She was quiet for a long moment, and he closed his eyes, listening to the whisper of the wind trail through the maple leaves. The weather was curling, and the colors were turning, the October month slowly dwindling away and bleeding into November. Soon, they'd get months of winter rain, because snow, like Naminé said they had in Hollow Bastion, never touched Destiny Islands' earth and sea. He only had a thin grasp of what it looked like, really.

"I'm sorry."

Surprised at Naminé's comment breaking through his thoughts, he turned his head, looking at her questioningly. Head bowed, she was now flipping through the pages of her booklet, searching for comfort in this awkward situation of theirs.

"For what?" he drawled in slightly annoyance, calling her attention back to him. She met his stare with surprise, and he rolled his eyes at her. "It's not your life."

"No…" she consented softly. "But I'm sorry that it had to be yours."

"Yeah, well…" Stretching languorously, sitting up at last, he shook stray rock and leaf from his hair, smirking crookedly at her, "…I'm not losing sleep over it anymore. Besides, no rules works for me – I'd be more unhappy if she suddenly showed up in my life."

Uneasily, Naminé offered a small smile, and then she ducked her head back down, picking up her pencil. Sighing, rolling his eyes again, he fell onto his knees and hands, crawling over to where she sat slowly, finding it unnecessary to stand and then walk the short distance.
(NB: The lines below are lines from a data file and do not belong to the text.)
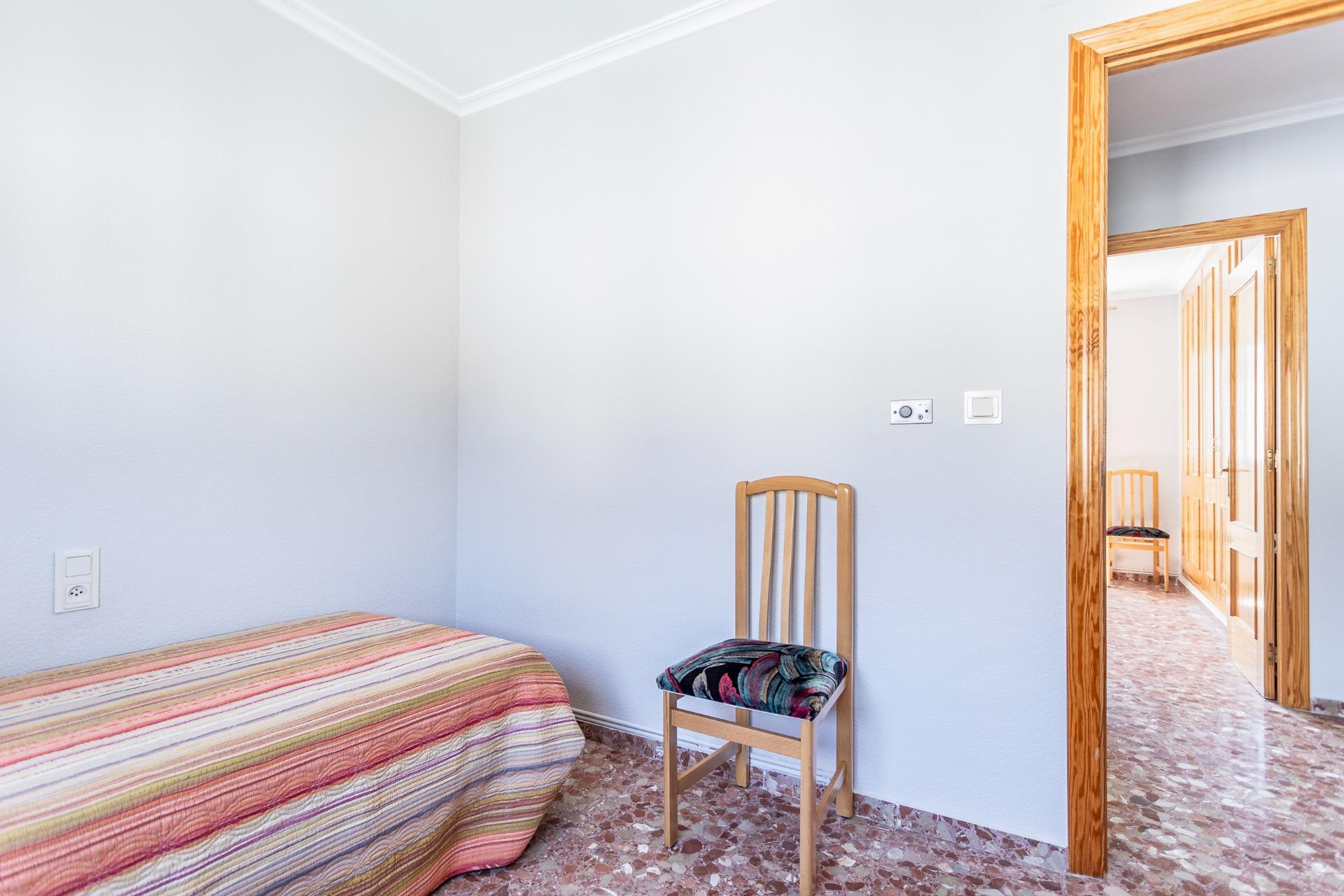Casas o chalets-Venta-Requena-1215314-Foto-38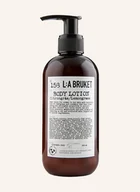 Balsamy i kremy do ciała - L:A Bruket Balsam Do Ciała braun - miniaturka - grafika 1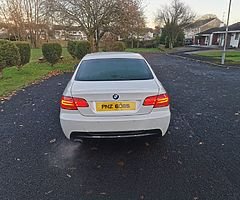 £5,350 - Image 3/5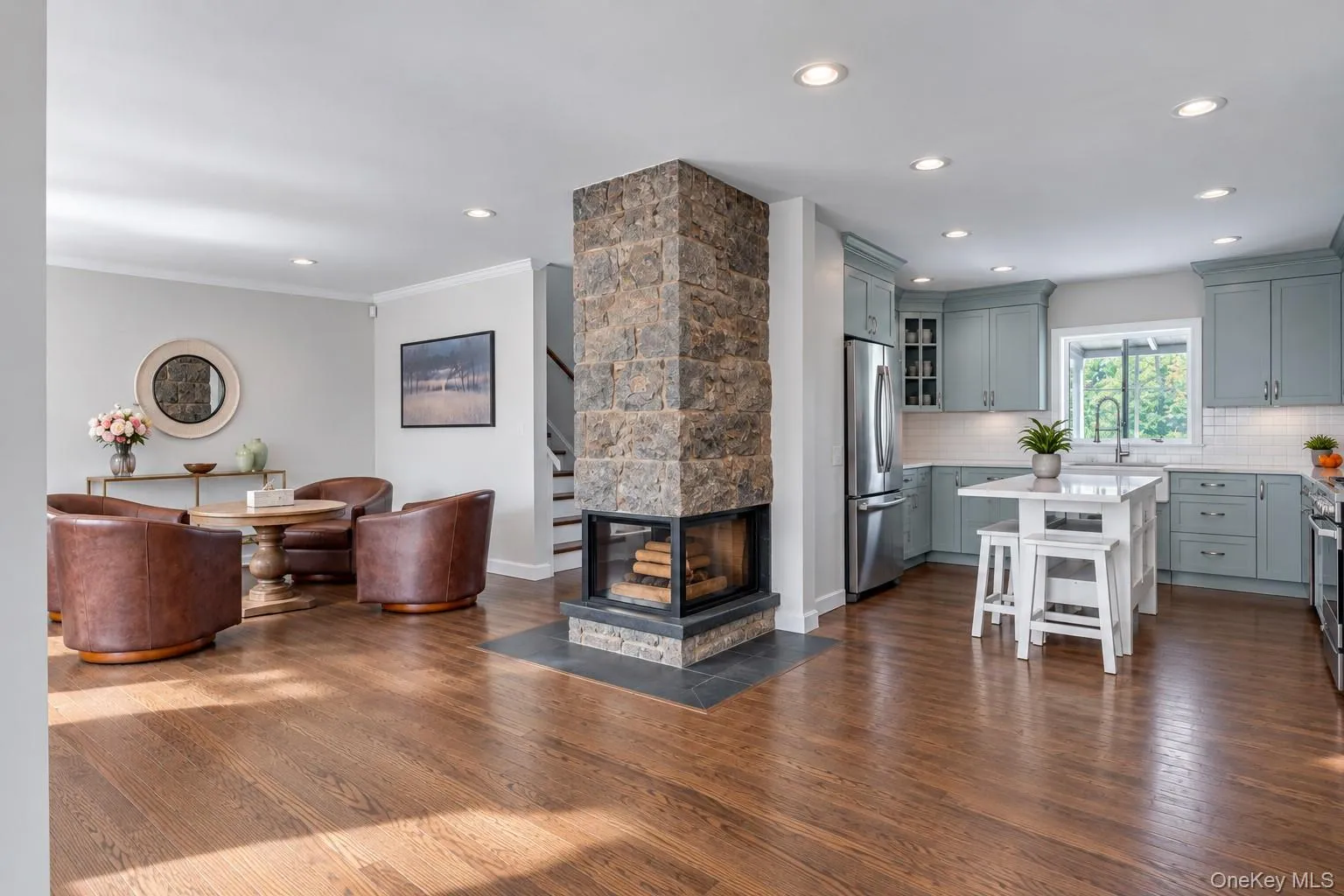 12 Sheep Pasture Lane, Huntington, NY, 4 Bedrooms Bedrooms, 13 Rooms Rooms,3 BathroomsBathrooms,Residential,For Rent,Sheep Pasture,0,1062879 12 Sheep Pasture Lane, Huntington, NY, 4 Bedrooms Bedrooms, 13 Rooms Rooms,3 BathroomsBathrooms,Residential,For Rent,Sheep Pasture,0,1062879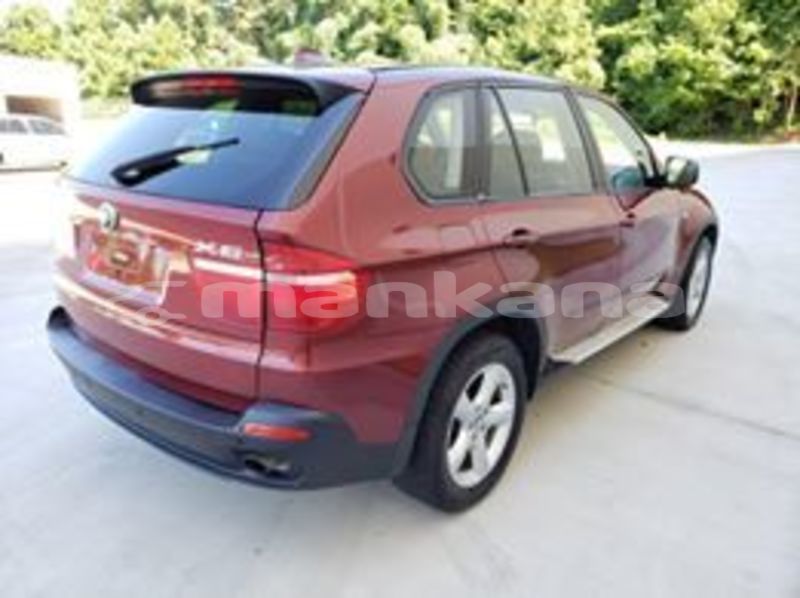 Big with watermark 64728761 2504588839561038 366797336724111360 n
He knew that she was watching his ridiculous progression, too, because the corners of her lips were slowly twitching upwards into a smile. And by the time he'd stopped beside her, she was staring directly at him, shaking her head as he leaned his shoulder against the tree's bark, craning his head over her shoulder to catch a glimpse at her work.

"No, Riku," she said tiredly, more amused than anything, cradling the book to her chest as she turned towards him. He scowled at her playfully, nudging her in the shoulder as he moved closer, trailing his hand as he did so towards the hand in the grass which she used to prop herself up. Fingers grazing hers, he curled his fingers around hers as she blinked, and when she looked down for a quick second in confusion, he edged the slightest distance closer, so that, when she looked back up at him, their noses grazed, and she blushed.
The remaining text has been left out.